Open Seneral opened 4 years ago

Seneral commented 4 years ago

Tiled rendering consists of multiple programs each accessing the TMU for reading and their own dedicated space in the VPM for writing.

qpu_debug_tiled demonstrates the tiling pattern, and VPM writing. All QPUs can simultaneously use their part of the VPM to write values. This works fine, even without mutex synchronization.

qpu_blit_tiled is structurally exactly the same but adds TMU load and writes that instead of the debug pattern. However, just adding the TMU loading instructions breaks the program. Uncommenting them and writing debug values makes the program work again. However, from what I gathered, it is not the timing that is the issue, some nop operations instead of the TMU access don't trigger the behaviour. Executing each programs right one after another however works fine, so the functionality is fine.

So I tried adding mutex to synchronize the QPUs, at several different stages - whole program, each line, each VPM access. The whole program mutex works, but only at low framerates (e.g. 10). Without mutex, that would break. This indicates the mutex does work to a degree. However, when increasing the framerate, the QPUs quickly (after a few frames) start overwriting the whole memory without reason. The mutex synchronizations on each line or even VPM access seem to only worsen this behaviour.

So there are three parts to this problem that I do not understand:

  1. Why does accessing the TMU affect the VPM access? Or is it that with predictable timing the qpu programs previously, by chance, just never interfered?
  2. Why does the mutex access break at higher framerates? It seems accessing it at high frequencies seems to break it, however I've seen others (e.g. gpu_fft) accessing the mutex in a multi-program environment each VPM access before.
  3. And finally, is the mutex required at all when each qpu only uses a fixed, small part of the VPM exclusively? In the current qpu_blit_tiled, all qpus only use 4 vectors (so 12x4 =48 out of the 64 I reserved for user programs).

Any help is greatly appreciated.

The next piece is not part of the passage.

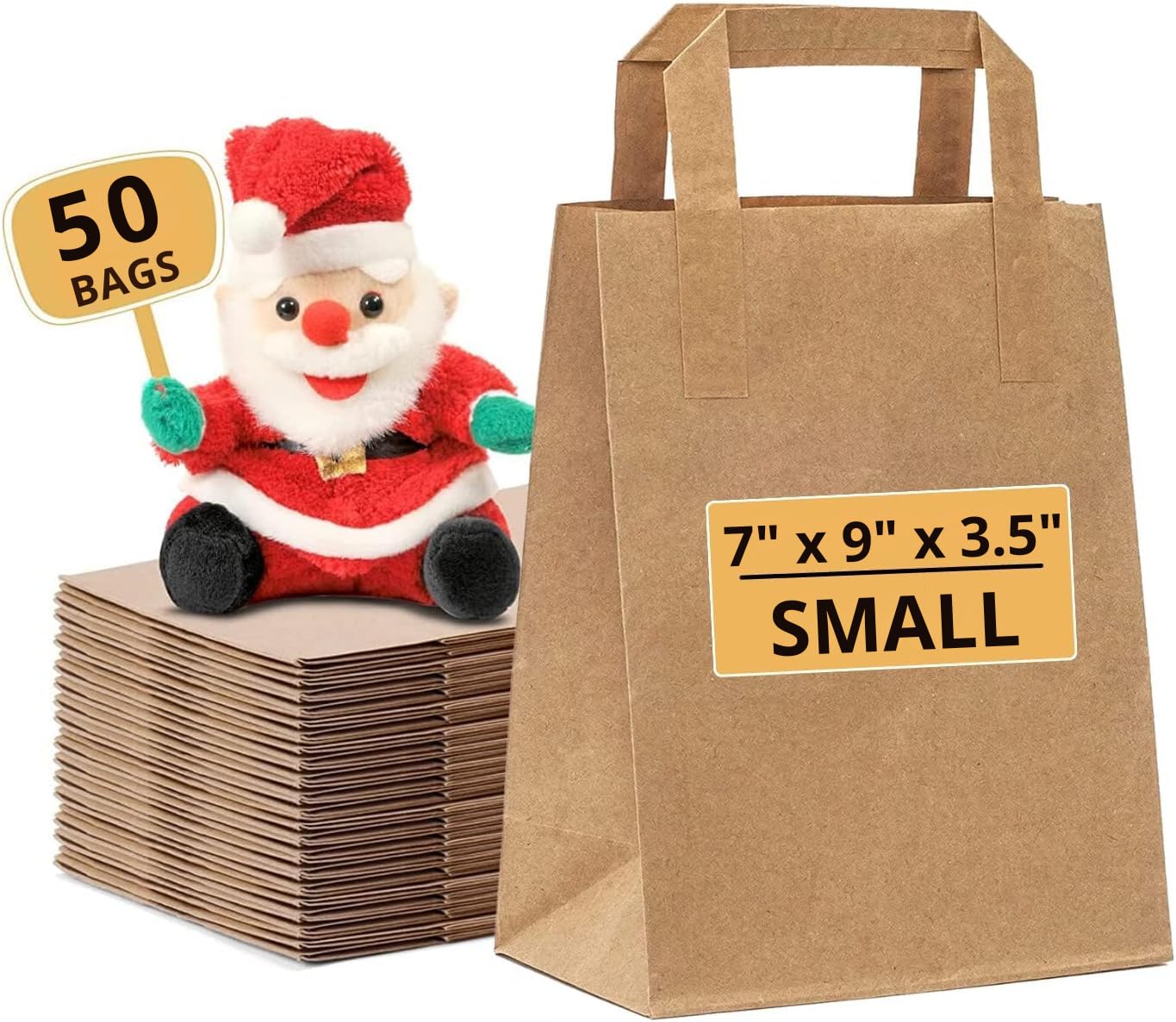 Paper Bags with Handles - 50 Small Brown Paper Bags (W7" x H9" x D3.5") - Small SOS Kraft Bags - Perfect for Lunch, Party, Gift, Storage, Packaging, Grocery Takeaway, Sandwich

The referenced programs can be easily tested out with the commands found in commands.txt

Seneral commented 4 years ago

I made some changes to make debugging easier and did a lot of tests.

With frame size 384x288 and no split column code, there are now exactly three programs scheduled to run each frame. I added the parameter -q 100010001000 where a 0 writes 0b0001 and 1 0b0000 to the respective QPU reserve register, effectively allowing me to set which QPUs to run the program on - and in turn verifying whether a specific QPU is stalled (happens quite often, it turns out). Note I tested the following with 0b1111 and 0b1110 respectively as well, to ensure no other program interferes by using the mutex, without a difference. Finally I made several code blocks in the programs to more easily reference which code gives which results. Notice in these tests no mutex was used unless explicitly stated.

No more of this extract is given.